For example, referring to FIG. 1B, the microphone analyzer 140
determines the orientation information 142 for each microphone of
the microphone array 110. The orientation information 142 indicates
a direction that each microphone 112, 114, 116, 118 is
pointing.
[0107] The method 900 also includes based on the position
information and the orientation information, determining how many
sets of multiplicative factors are to be applied to digital signals
associated with microphones of the microphone array, at 906. For
example, referring to FIG. 1B, the directivity adjuster activation
unit 144 determines how many sets of multiplicative factors are to
be applied to the digital signals 133, 135, 137, 139. For example,
the directivity adjuster activation unit 144 determines how many
directivity adjusters 150 are activated. According to one
implementation, there is a one-to-one relationship between the
number of sets of multiplicative factors applied and the number of
directivity adjusters 150 activated. The number of sets of
multiplicative factors to be applied to the digital signals 133,
135, 137, 139 is based on whether each microphone 112, 114, 116,
118 is positioned within the cubic space having the particular
dimensions. For example, the directivity adjuster activation unit
144 may determine to apply two sets of multiplicative factors
(e.g., a first set of multiplicative factors 153 and a second set
of multiplicative factors 155) to the digital signals 133, 135,
137, 139 if the position information 141 indicates that each
microphone 112, 114, 116, 118 is positioned within the cubic space.

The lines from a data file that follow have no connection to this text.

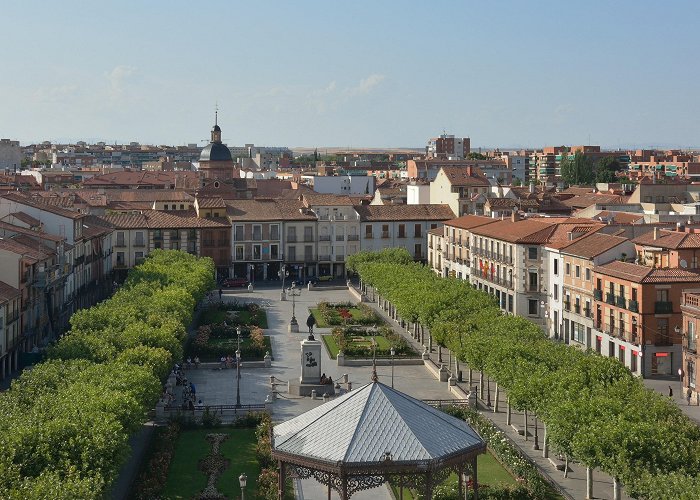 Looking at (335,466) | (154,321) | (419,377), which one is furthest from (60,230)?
(335,466)

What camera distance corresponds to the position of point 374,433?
27.6 metres

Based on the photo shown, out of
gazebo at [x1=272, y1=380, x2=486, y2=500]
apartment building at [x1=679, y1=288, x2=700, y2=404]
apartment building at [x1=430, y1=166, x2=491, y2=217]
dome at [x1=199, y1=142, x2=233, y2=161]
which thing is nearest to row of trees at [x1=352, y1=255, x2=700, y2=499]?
gazebo at [x1=272, y1=380, x2=486, y2=500]

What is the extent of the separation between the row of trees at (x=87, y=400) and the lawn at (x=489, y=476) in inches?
426

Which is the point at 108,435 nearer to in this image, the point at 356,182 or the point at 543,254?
the point at 543,254

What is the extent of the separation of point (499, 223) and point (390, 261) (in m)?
12.0

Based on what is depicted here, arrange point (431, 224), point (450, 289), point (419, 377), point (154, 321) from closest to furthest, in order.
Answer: point (154, 321)
point (419, 377)
point (450, 289)
point (431, 224)

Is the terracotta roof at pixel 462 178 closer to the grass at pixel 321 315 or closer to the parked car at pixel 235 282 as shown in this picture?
the parked car at pixel 235 282

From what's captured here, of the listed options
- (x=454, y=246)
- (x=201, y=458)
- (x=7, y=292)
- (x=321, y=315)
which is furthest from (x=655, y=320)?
(x=454, y=246)

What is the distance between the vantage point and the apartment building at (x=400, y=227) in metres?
120

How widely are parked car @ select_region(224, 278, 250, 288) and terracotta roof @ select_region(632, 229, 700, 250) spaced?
53.5 m

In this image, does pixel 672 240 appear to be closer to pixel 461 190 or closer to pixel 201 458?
pixel 201 458

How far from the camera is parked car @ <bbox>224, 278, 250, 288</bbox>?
369ft

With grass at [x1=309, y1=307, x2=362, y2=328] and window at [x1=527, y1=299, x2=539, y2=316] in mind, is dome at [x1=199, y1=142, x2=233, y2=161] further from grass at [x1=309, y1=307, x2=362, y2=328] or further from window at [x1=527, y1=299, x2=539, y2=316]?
window at [x1=527, y1=299, x2=539, y2=316]

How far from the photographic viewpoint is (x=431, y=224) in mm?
120625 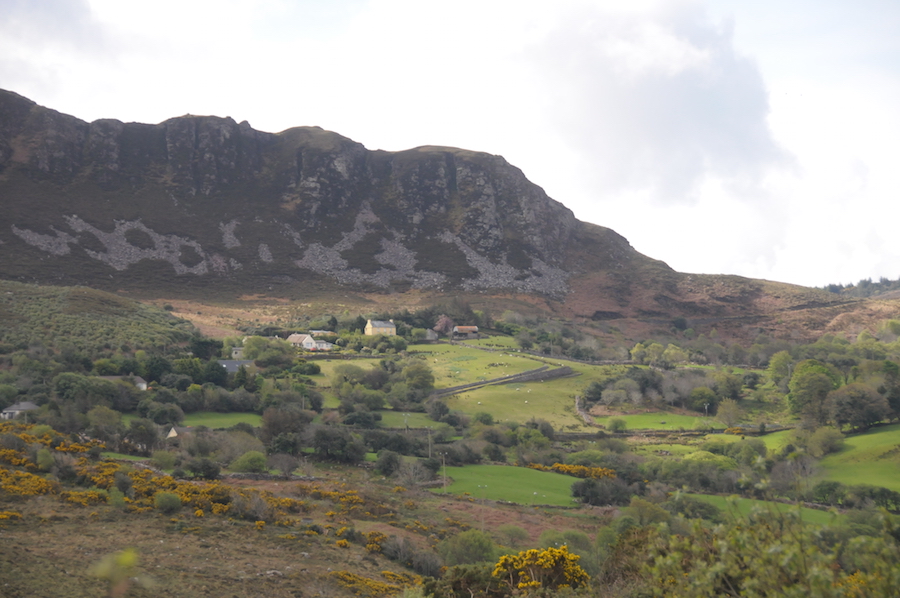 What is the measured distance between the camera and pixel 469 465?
107 feet

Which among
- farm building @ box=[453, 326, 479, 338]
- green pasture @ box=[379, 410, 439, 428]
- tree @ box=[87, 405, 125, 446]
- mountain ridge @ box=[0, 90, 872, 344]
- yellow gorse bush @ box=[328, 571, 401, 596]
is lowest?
green pasture @ box=[379, 410, 439, 428]

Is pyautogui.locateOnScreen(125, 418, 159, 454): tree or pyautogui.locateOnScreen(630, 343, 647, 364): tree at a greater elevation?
pyautogui.locateOnScreen(630, 343, 647, 364): tree

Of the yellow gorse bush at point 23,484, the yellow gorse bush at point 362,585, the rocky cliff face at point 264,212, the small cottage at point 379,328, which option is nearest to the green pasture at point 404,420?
the yellow gorse bush at point 23,484

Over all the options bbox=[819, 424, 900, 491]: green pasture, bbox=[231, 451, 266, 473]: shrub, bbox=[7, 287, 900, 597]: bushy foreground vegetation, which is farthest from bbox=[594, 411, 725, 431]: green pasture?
bbox=[231, 451, 266, 473]: shrub

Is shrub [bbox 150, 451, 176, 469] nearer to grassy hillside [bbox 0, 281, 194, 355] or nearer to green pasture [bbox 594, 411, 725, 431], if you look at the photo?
grassy hillside [bbox 0, 281, 194, 355]

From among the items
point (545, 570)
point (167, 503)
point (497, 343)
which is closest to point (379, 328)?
point (497, 343)

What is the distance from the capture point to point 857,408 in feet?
136

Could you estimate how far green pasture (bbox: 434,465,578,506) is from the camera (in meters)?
26.6

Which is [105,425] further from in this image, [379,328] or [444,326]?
[444,326]

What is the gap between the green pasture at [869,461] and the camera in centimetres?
3198

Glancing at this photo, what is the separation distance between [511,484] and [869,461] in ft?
72.2

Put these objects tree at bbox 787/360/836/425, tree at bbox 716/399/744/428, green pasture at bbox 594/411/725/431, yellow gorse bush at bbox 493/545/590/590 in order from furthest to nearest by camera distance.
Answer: tree at bbox 716/399/744/428
green pasture at bbox 594/411/725/431
tree at bbox 787/360/836/425
yellow gorse bush at bbox 493/545/590/590

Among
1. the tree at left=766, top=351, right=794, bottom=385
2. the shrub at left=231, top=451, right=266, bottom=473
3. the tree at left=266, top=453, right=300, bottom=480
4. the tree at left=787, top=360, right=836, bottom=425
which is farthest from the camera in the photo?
the tree at left=766, top=351, right=794, bottom=385

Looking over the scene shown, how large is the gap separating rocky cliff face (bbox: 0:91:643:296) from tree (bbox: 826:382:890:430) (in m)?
64.5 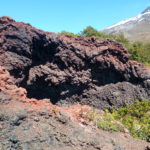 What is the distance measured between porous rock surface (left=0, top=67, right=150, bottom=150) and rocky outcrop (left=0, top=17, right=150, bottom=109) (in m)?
3.13

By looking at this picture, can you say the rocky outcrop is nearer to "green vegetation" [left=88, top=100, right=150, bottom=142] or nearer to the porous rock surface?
"green vegetation" [left=88, top=100, right=150, bottom=142]

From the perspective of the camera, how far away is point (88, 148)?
8.29m

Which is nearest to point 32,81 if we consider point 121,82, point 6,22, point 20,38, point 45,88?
point 45,88

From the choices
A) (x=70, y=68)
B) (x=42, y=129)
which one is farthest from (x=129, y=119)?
(x=42, y=129)

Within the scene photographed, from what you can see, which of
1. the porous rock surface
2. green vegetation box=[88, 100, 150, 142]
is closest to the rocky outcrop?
green vegetation box=[88, 100, 150, 142]

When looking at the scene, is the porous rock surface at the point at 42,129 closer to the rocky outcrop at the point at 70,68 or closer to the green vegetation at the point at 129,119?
the green vegetation at the point at 129,119

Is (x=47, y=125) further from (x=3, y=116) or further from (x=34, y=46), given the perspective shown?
(x=34, y=46)

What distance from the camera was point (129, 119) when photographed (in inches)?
512

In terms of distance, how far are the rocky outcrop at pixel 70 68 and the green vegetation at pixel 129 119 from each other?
2.24 feet

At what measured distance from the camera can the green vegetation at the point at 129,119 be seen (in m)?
10.1

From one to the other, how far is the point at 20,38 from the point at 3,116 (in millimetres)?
5206

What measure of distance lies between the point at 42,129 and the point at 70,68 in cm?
599

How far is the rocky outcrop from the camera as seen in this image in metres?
12.5

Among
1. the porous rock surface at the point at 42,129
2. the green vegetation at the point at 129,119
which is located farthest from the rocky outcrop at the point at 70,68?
the porous rock surface at the point at 42,129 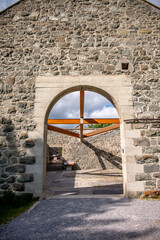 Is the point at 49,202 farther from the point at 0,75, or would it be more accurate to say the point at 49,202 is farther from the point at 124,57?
the point at 124,57

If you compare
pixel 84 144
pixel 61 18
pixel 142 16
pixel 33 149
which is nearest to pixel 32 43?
pixel 61 18

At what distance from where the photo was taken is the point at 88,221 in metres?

Alternatively, the directivity adjuster activation unit 144 may
determine to apply more than two sets of multiplicative factors
(e.g., four sets, eights sets, etc.) to the digital signals 133,
135, 137, 139 if the position information 141 indicates that each
microphone 112, 114, 116, 118 is not positioned within the
particular dimensions. Although described above with respect to the
position information, the directivity adjuster activation unit 144
may also determine how many sets of multiplicative factors are to
be applied to the digital signals 133, 135, 137, 139 based on the
orientation information, the power level information 143, other
information associated with the microphones 112, 114, 116, 118, or
a combination thereof.
[0108] The method 900 compensates for flexible microphone positions
(e.g., a "non-ideal" tetrahedral microphone arrangement) by
adjusting a number of active directivity adjusters, filters,
multiplicative factors, and filter coefficients based on the
position of the microphones, the orientation of the microphones,
etc.
[0109] Referring to FIG. 10, a block diagram of a particular
illustrative implementation of a device (e.g., a wireless
communication device) is depicted and generally designated 1000. In
various implementations, the device 1000 may have more components
or fewer components than illustrated in FIG. 10.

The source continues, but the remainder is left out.